* [EXERCISE OBJECTIVE]: The records follow. Transcribe only the lines from the line containing "Vanesa Lovětínská při" through the end, both ends included, and leave out the pictures.

Dataset records:
=== Begin Enclosure ===

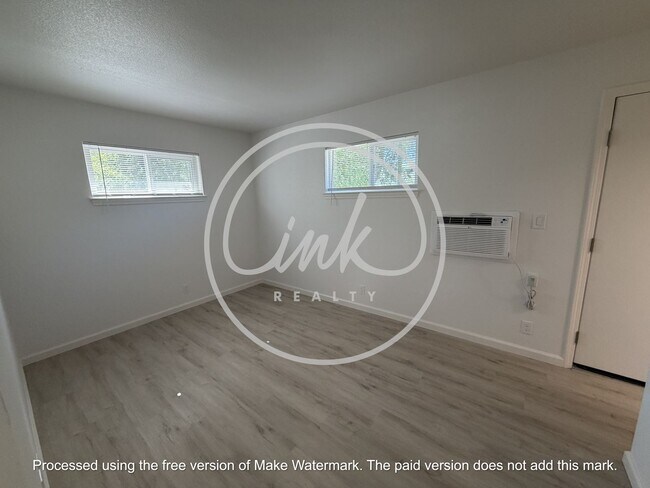 415-421 E. Long Street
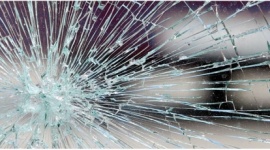 Wymiana szyby samochodowej – na co zwrócić uwagę? LIFESTYLE, Motoryzacja - Porównywarka cen szyb samochodowych Glass4cars.pl radzi, jak rozsądnie wymienić szybę
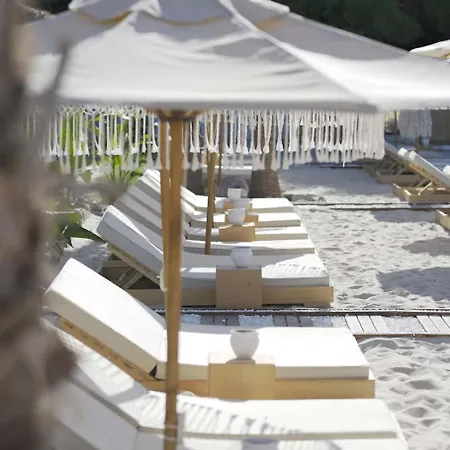 Glenn & Hotel Ayvacik (Canakkale)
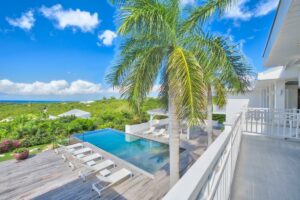 Villa-6-chambres-pour-15-personnes-aux-Terres-Basses-vue-mer-et-piscine-St-Martin-2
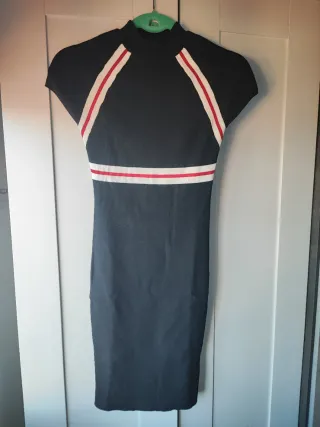 Vestido negro con rayas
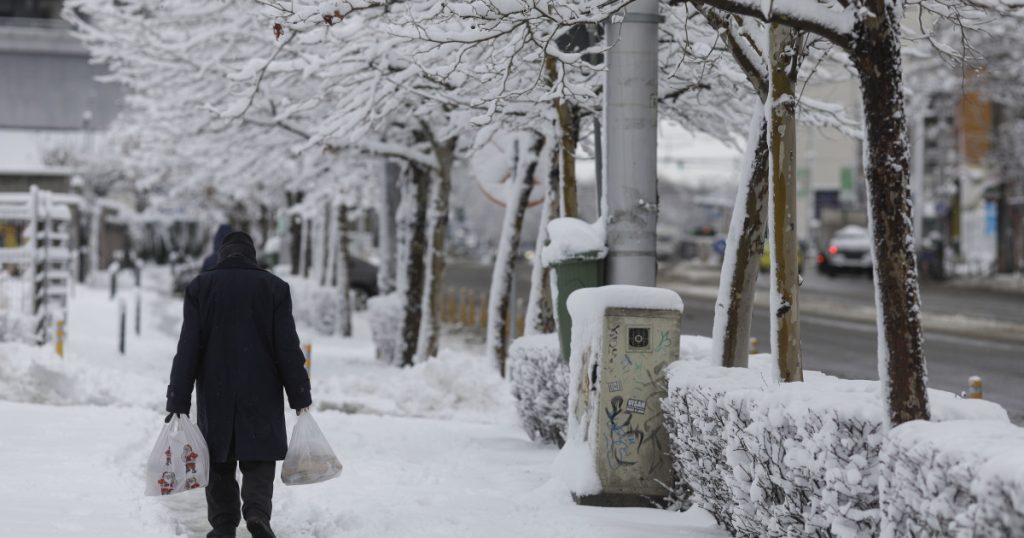 Bucureștiul se confruntă cu ger și ninsori abundente: meteorologii anunță un strat de zăpadă de până la 15 centimetri Meteorologii au emis o prognoză specială pentru București, avertizând că vremea va deveni geroasă în următoarele zile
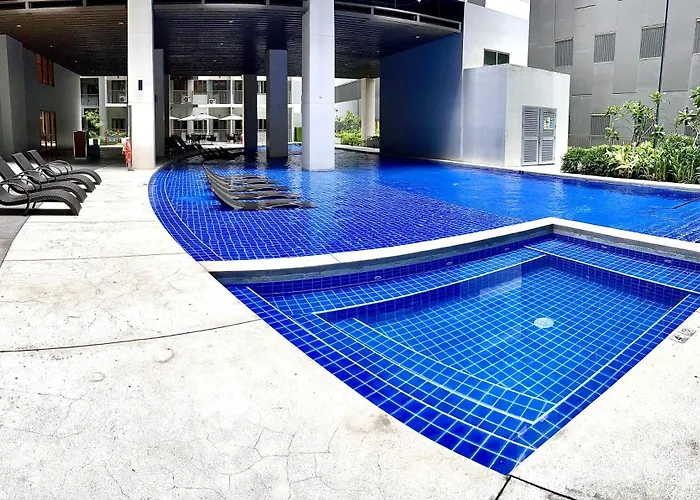 Urban Oasis: Prime With Airport Convenience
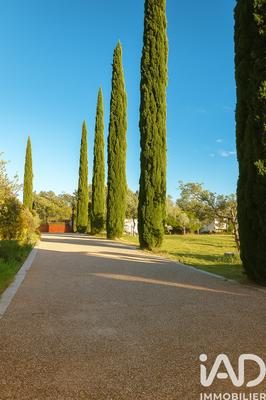 Maison - 300 m² - 7 pièces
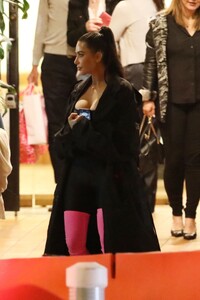 kim-kardashian-barbie-store-in-santa-monica-06-14-2023-7.jpg
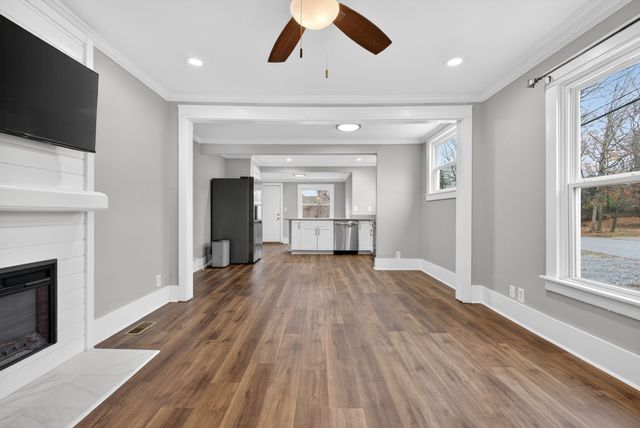 775 Greenwood Ave, Clarksville, TN 37040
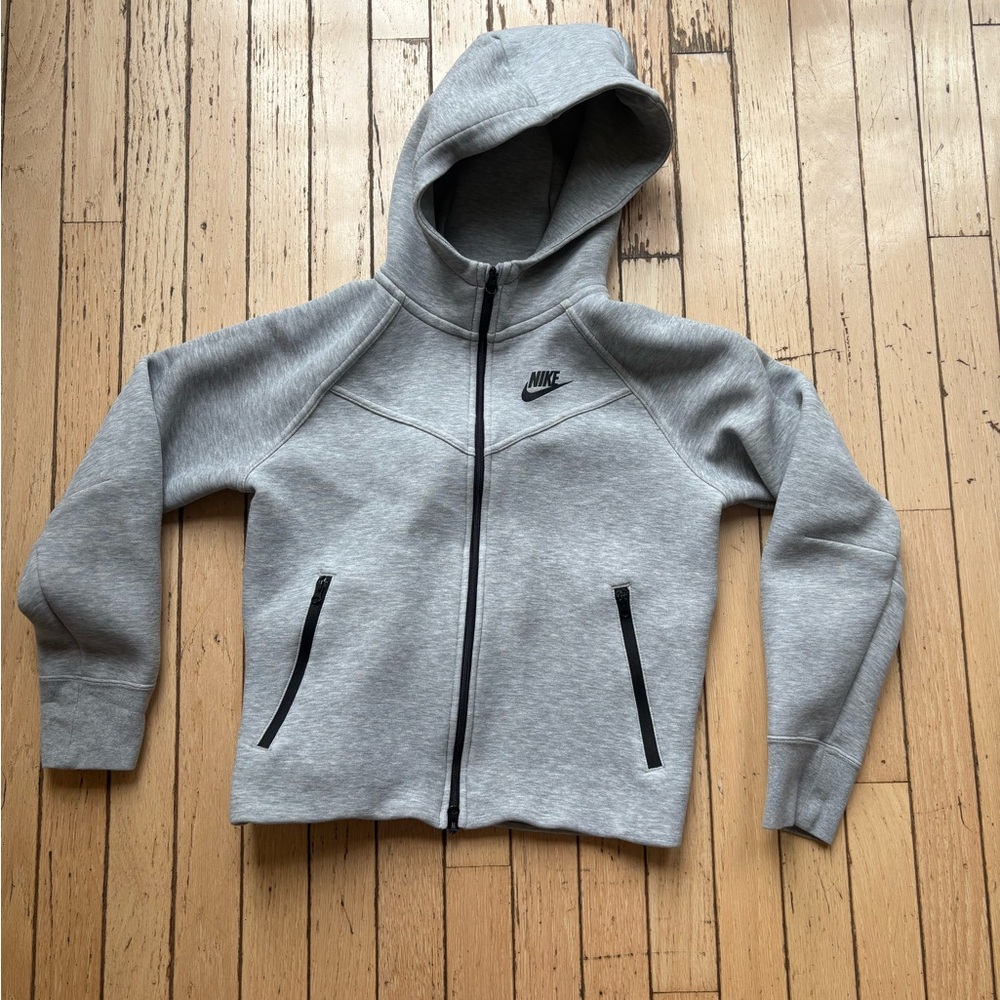 Nike Sportswear Tech Fleece Big Kids Light Gray Full-Zip Hoodie
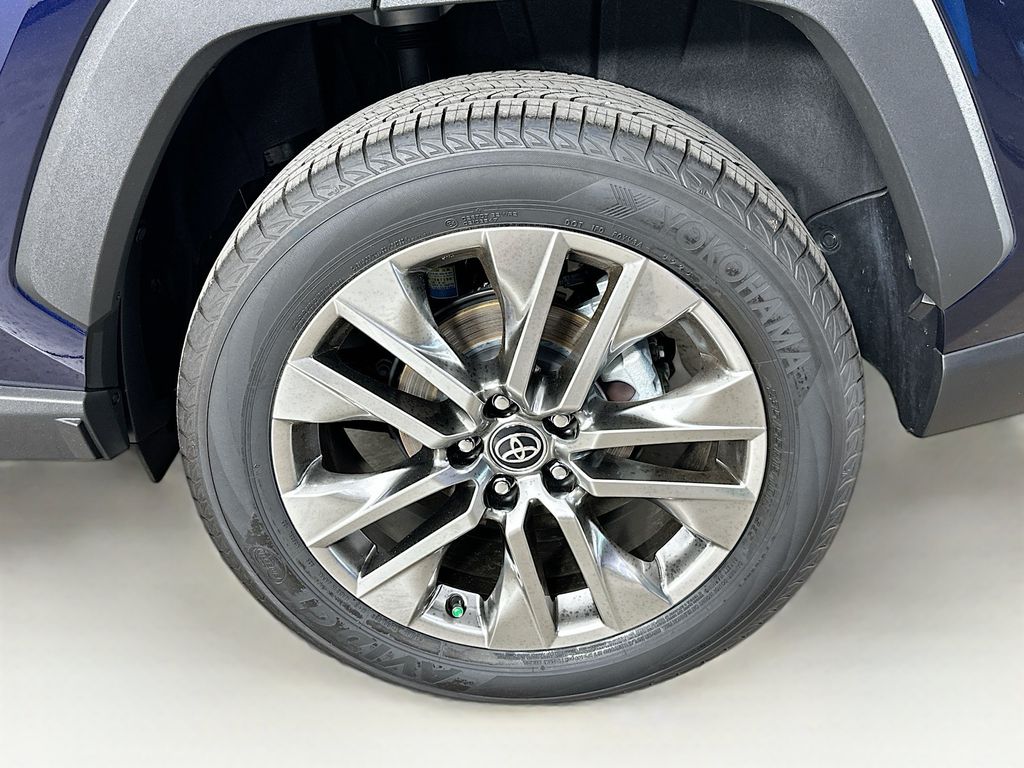 Thumbnail: 2025 Toyota RAV4 - 8
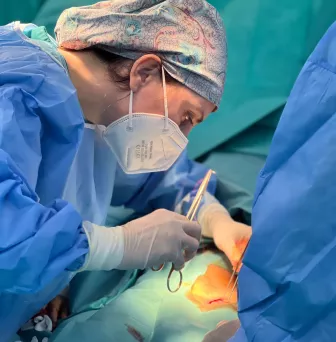 Vanesa Lovětínská při operaci, Pásmo Gazy, 2022. Foto: Lékaři bez hranic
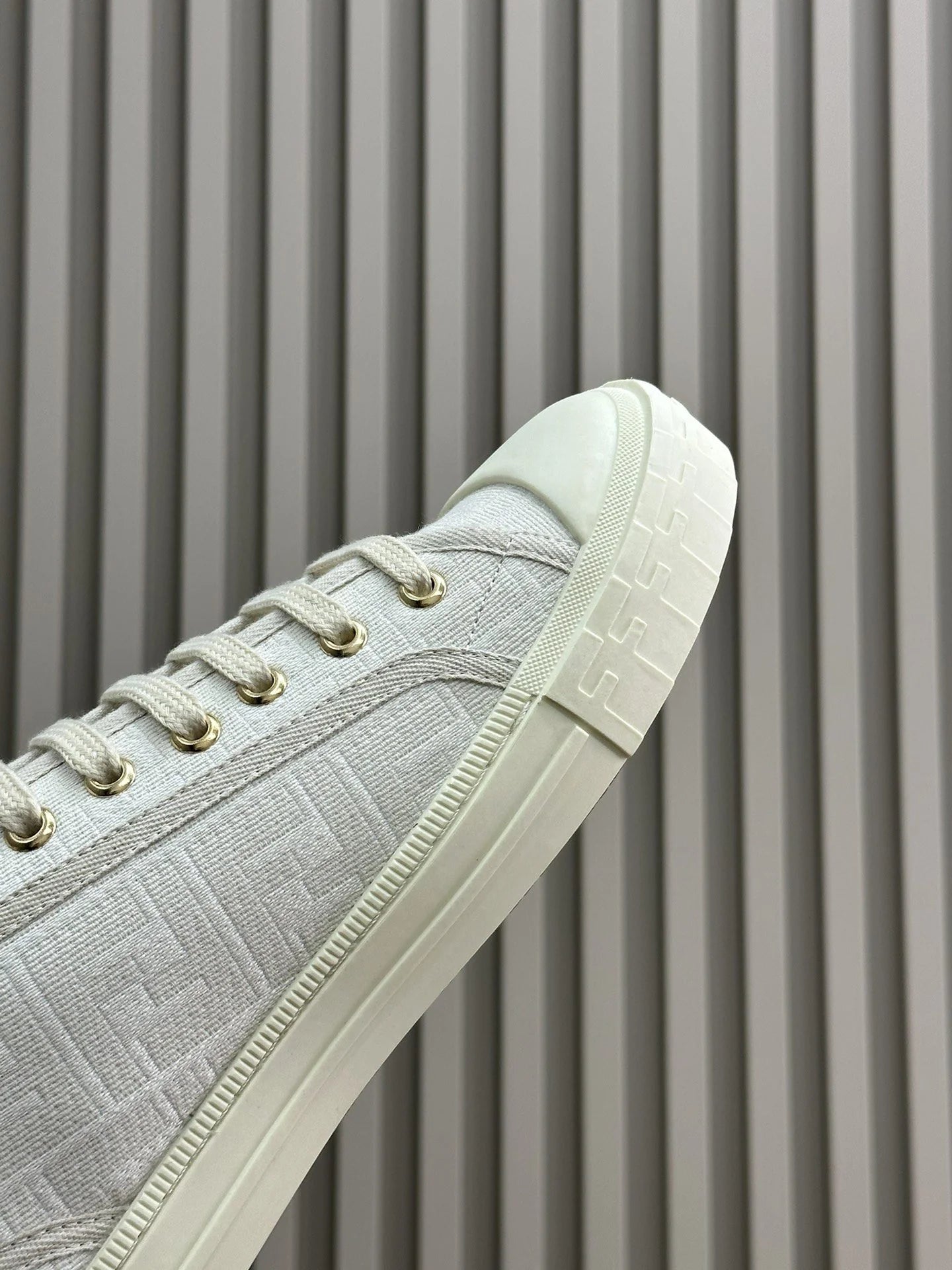 FENDI SNEAKER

=== End Enclosure ===

* [SOLUTION]:
 Vanesa Lovětínská při operaci, Pásmo Gazy, 2022. Foto: Lékaři bez hranic
 FENDI SNEAKER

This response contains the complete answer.